Finally.......... someone who can read and accurately describe my situations quandary and then describe it to a T. 

If I could toss a free package or two across the border for you as the winner of the grand prize I would. One for having an openly observant mind with brilliant deduction. 

Its not about any other issues than you described above. 

Thanks Jean-Marc

Since our over all success rate the past 6 years hovers around 98.5 % and is nicking the bottom of 100% this year I obviously don't want anyone to get dead packages. At some point the weather gets warm enough where that rate goes down... Not something I want or choose but just a fact. The question has to do with offering them to with an increase risk. If 5% crash we can eat it. If its larger then its back to the bank for a loan I am not about to take out.

FYI as Radar says these would all go UPS overnight air Only. We do have a load going to Westernbeekeeper this weekend but we will be hauling those ourselves as I am not about to hand over $30 k worth of packages to some guy who is more interested in his coffee break than keeping bees alive. With package bees its about doing it right or forgetting it totally.


----------



## Barry Digman (May 21, 2003)

This thread just goes to show that the longer I have bees the less I know...

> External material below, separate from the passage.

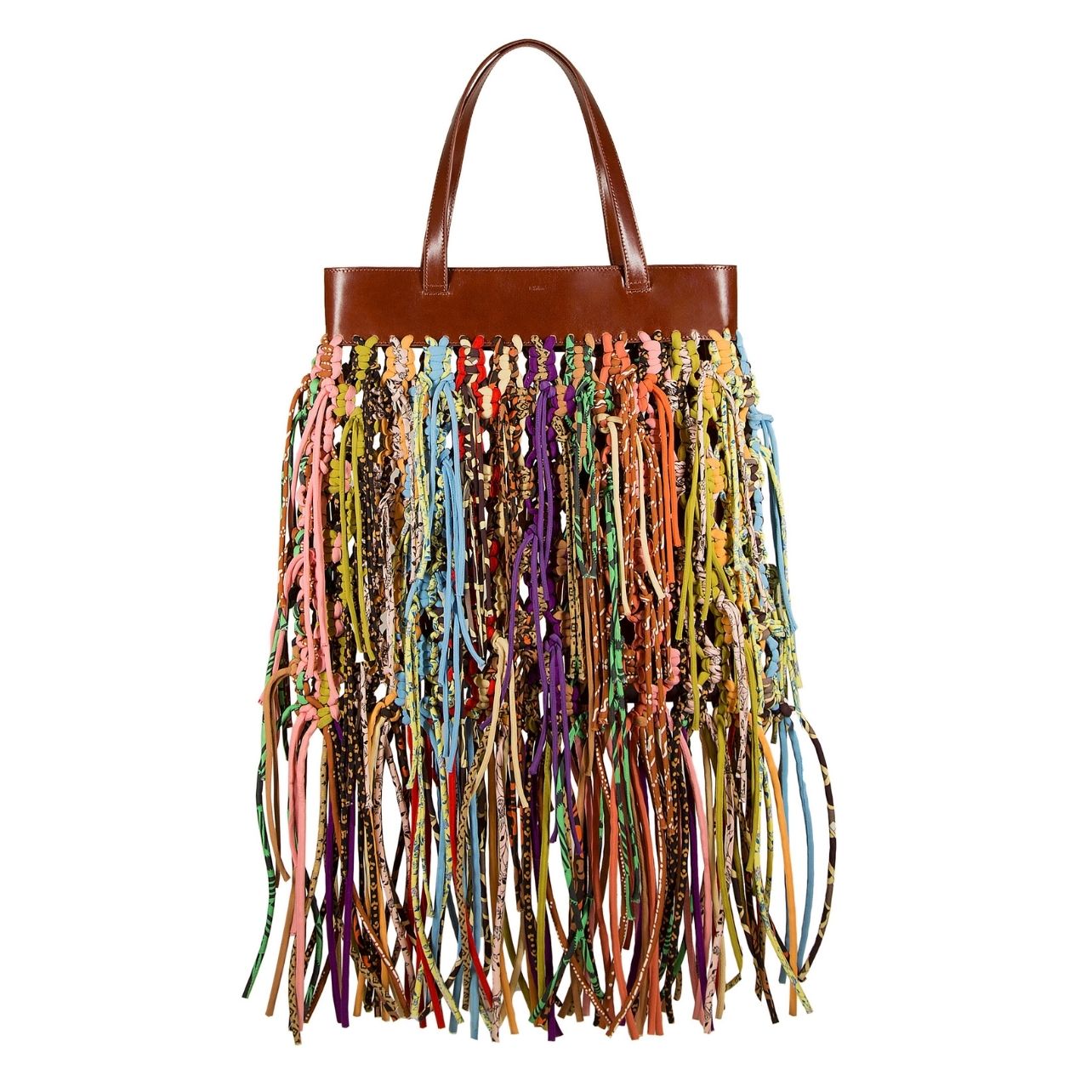 Tote bag with multicolored fabric tassels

Having said that, the issue seems to be one of a contract between buyer and seller. As long as they both understand what they're agreeing to I don't see a problem.


----------



## MR2Bs (Jun 1, 2013)

Honey-4-All, As a business owner I have to look at my rep. As should you. I have turned down many of customers for unreasonable request,(which I feel this is) but they always come back year after year. As for 1 bad post or 1 bad report about how some one got bees from you and they were dead and you wouldn't and do anything about it. Will loose you business in the future. Even though you state that they will be taking all the risk, people now a days will not take responsibility for their actions they want to blame some one else. That some one will be you in this case. If I were in your shoes I would tell them you are sold out for this year and look forward to filling their needs next year. 

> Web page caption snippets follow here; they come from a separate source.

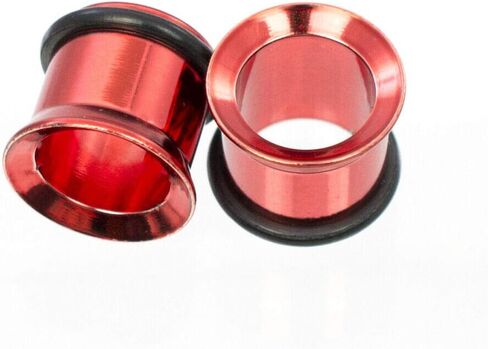 Luxe Modz 2 قطعة من الفولاذ الجراحي 2 مم - 14 مم PVD معدني أحمر مفرد متوهج مقاييس الأذن المتوسع طقم تمديد المقابس ثقب الأنفاق الدائرية للنساء والرجال in Kuwait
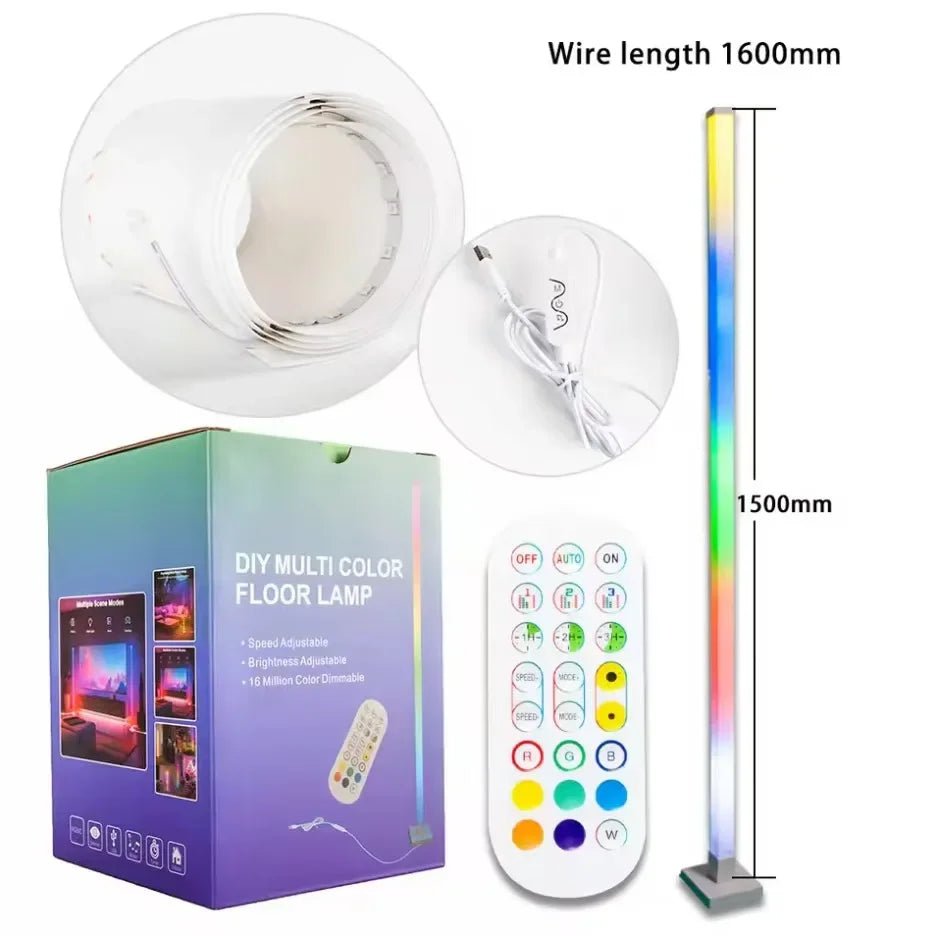 RGB Stehlampe: Skandinavische Eck - Stehlampe mit Farbwechsel & weicher Dimmung - ApolettaApoletta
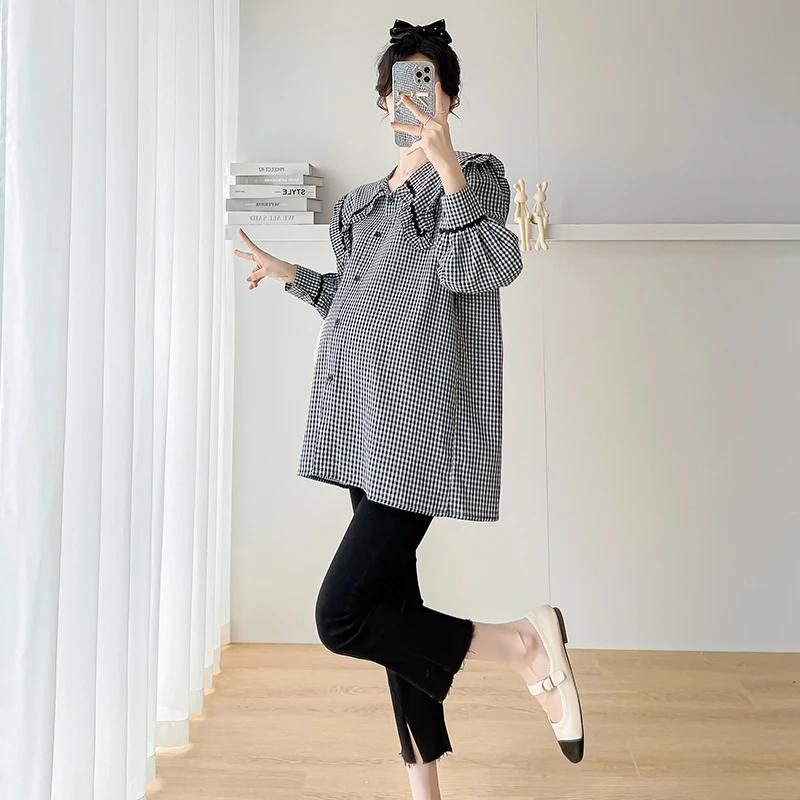 임산부 단추 오픈 루즈한 세련된 임신 블라우스, V68386 간호사 용수철, 나이 감소, 가을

This is my two cents on this matter. Good luck.


----------



## JohnK and Sheri (Nov 28, 2004)

Umm, sorry, I must have missed you were shipping these UPS overnight and just assumed a truckload. I would be more positive sending them UPS overnight. We trust thousands of dollars of queens to be shipped this way. I quess I would look at the weather, as you have, and make my decision, knowing, of course, that it doesn't matter how cold it is outside if that UPS driver puts the package on the dashboard for safe keeping. It comes down to your past experience and your risk aversion.
I turn down orders every day that I am not comfortable with the possible outcome. 
So, what is your risk aversion? It is really YOUR call. Feeling lucky?
Sheri


----------



## WBVC (Apr 25, 2013)

I would sell making it very clear that it is a suboptimal situation,that you expect around a 5% failure rate and that it is 100% buyers risk with no refunds, replacements or any recourse to recoup their loss. Just think...most will be thrilled. Better odds than other ways to gamble.


----------



## Steve Johnson (Apr 25, 2012)

I was one of the first ones to respond to your post and didn't get the context that you were speaking of regarding the weather. Shipping wasn't mentioned once. So, to me......the weather being a factor was whether you could get the packages together or not. You never mentioned that you could get them made 100% and that the negative 5% was whether they would survive shipping or not. Myself and a few others that responded don't know your reputation and history. I was trying to be helpful and respond to your post as you asked.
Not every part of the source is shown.